BEGIN
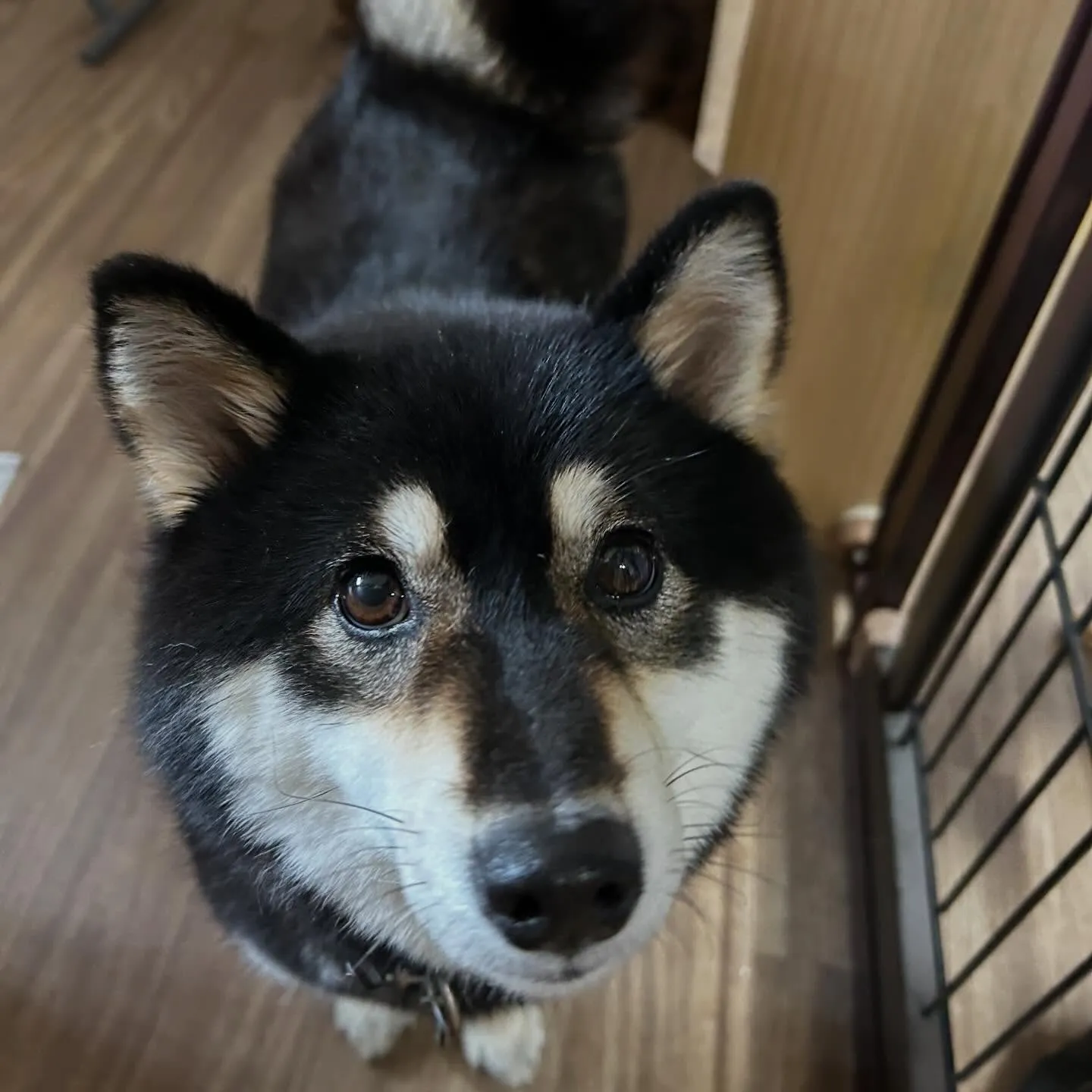 入会してくれたみかんちゃんです🍊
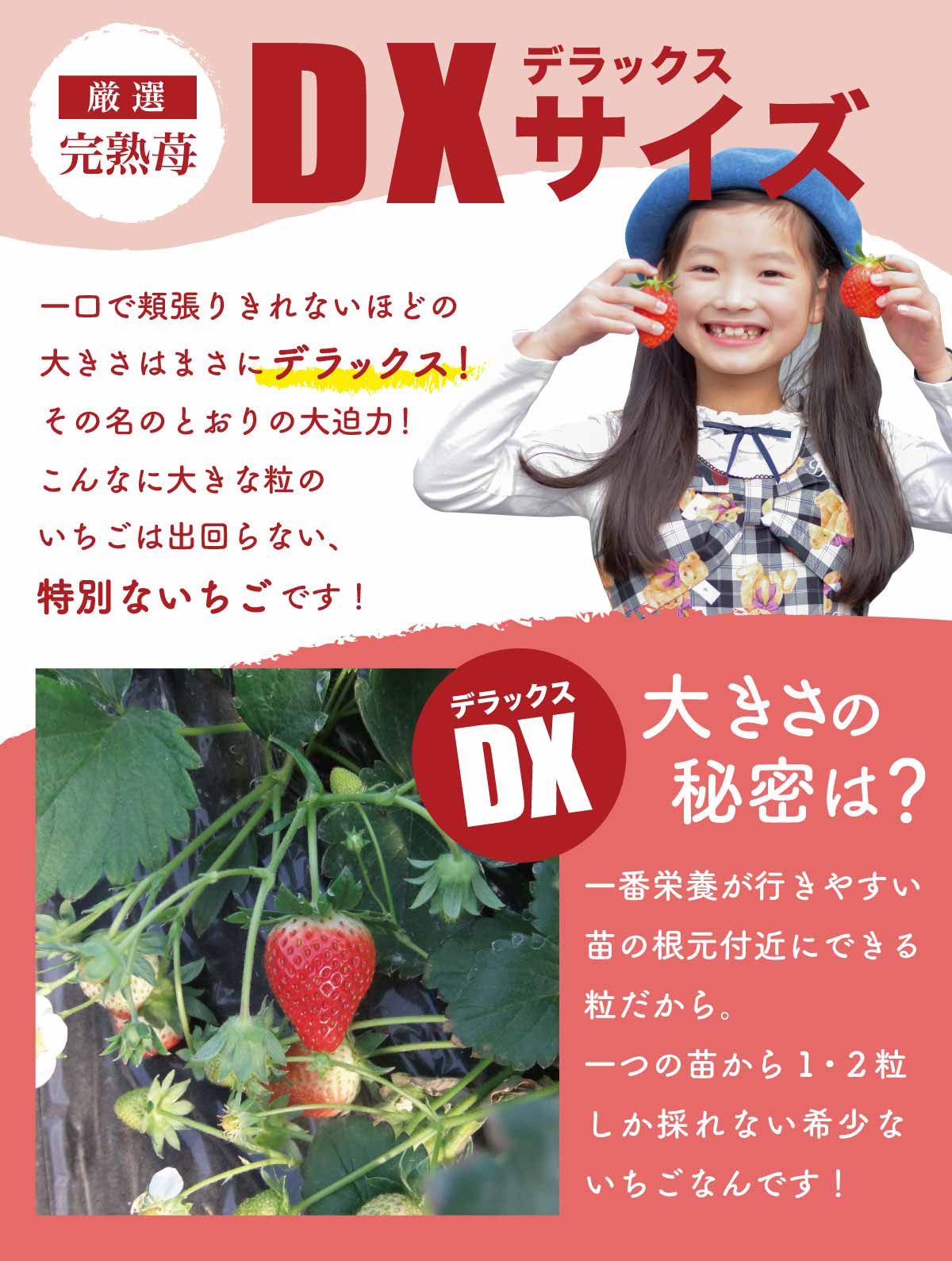 いちご ラブソング（紅ほっぺ）デラックス DXサイズx2トレイ【送料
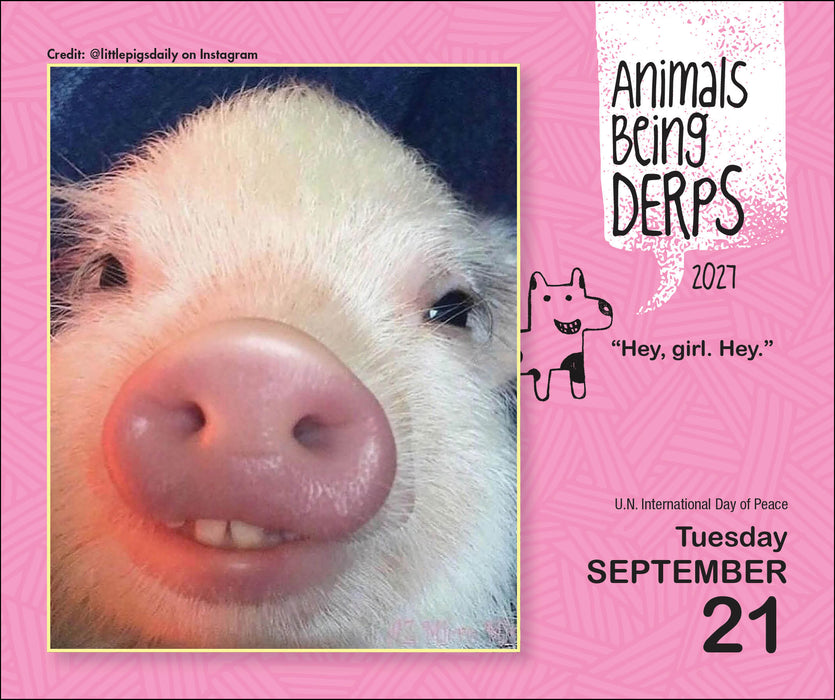 Animals Being Derps 2027 Page-A-Day Calendar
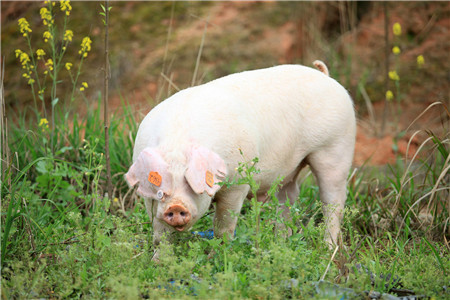 2018年03月25日全国土杂猪生猪价格行情涨跌表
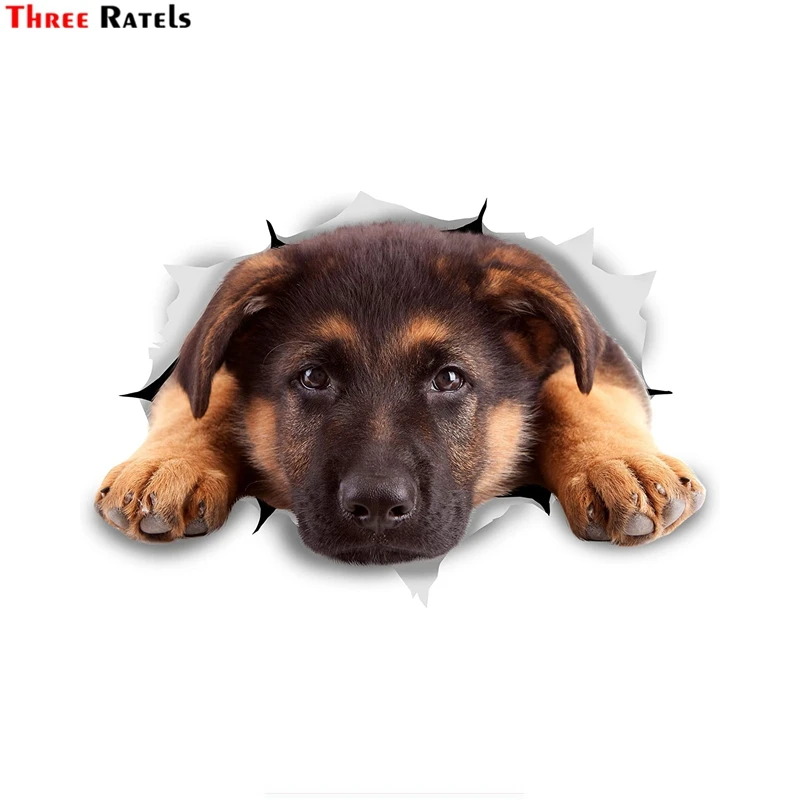 

Три Ratels FTC-1088 3D наклейки для собак отдыха Пособия по немецкому языку пастырь для стены, холодильник, туалет, окна и шкаф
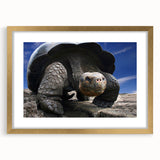 Extra large abstract art print depicting a textured Galapagos scenery in muted earth tones on a gold-framed canvas.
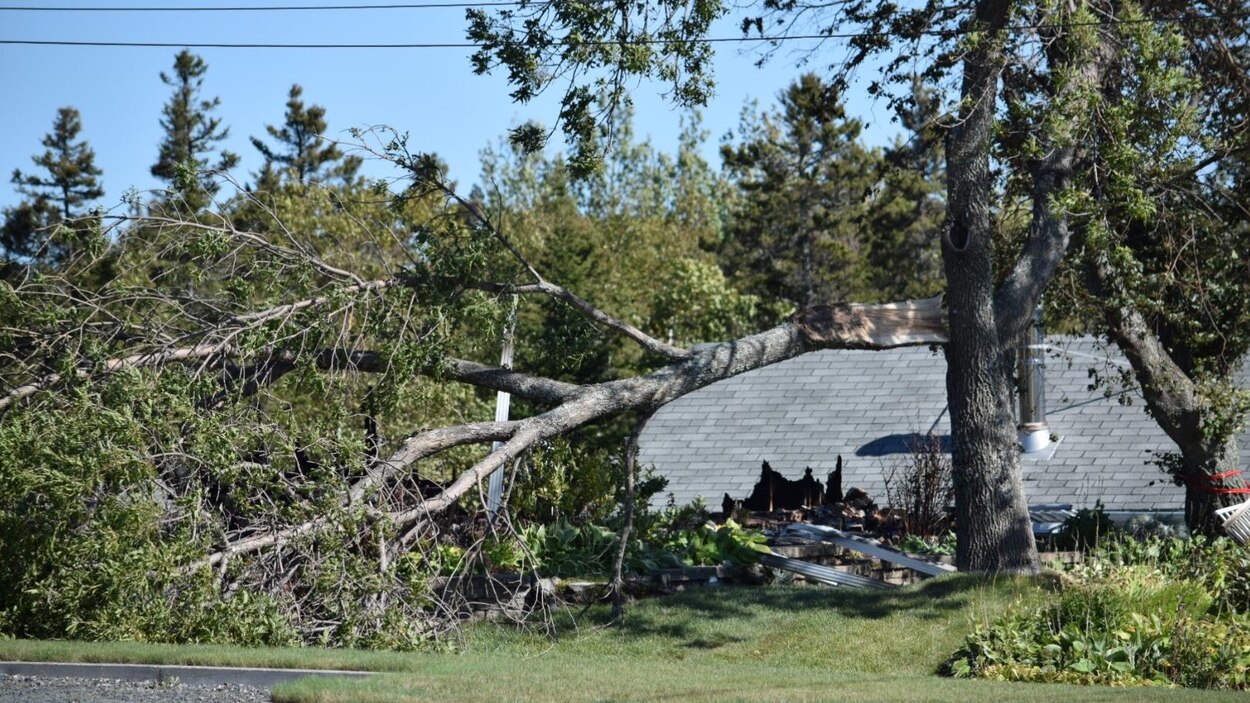 Alimenté par les forts vents, le feu ravage une résidence à Matane ...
END
WORK TASK:
What is needed is an exact copy of the data, with the pictures removed.

OUTPUT FOR THIS TASK:
 入会してくれたみかんちゃんです🍊
 いちご ラブソング（紅ほっぺ）デラックス DXサイズx2トレイ【送料
 Animals Being Derps 2027 Page-A-Day Calendar
 2018年03月25日全国土杂猪生猪价格行情涨跌表

Три Ratels FTC-1088 3D наклейки для собак отдыха Пособия по немецкому языку пастырь для стены, холодильник, туалет, окна и шкаф
 Extra large abstract art print depicting a textured Galapagos scenery in muted earth tones on a gold-framed canvas.
 Alimenté par les forts vents, le feu ravage une résidence à Matane ...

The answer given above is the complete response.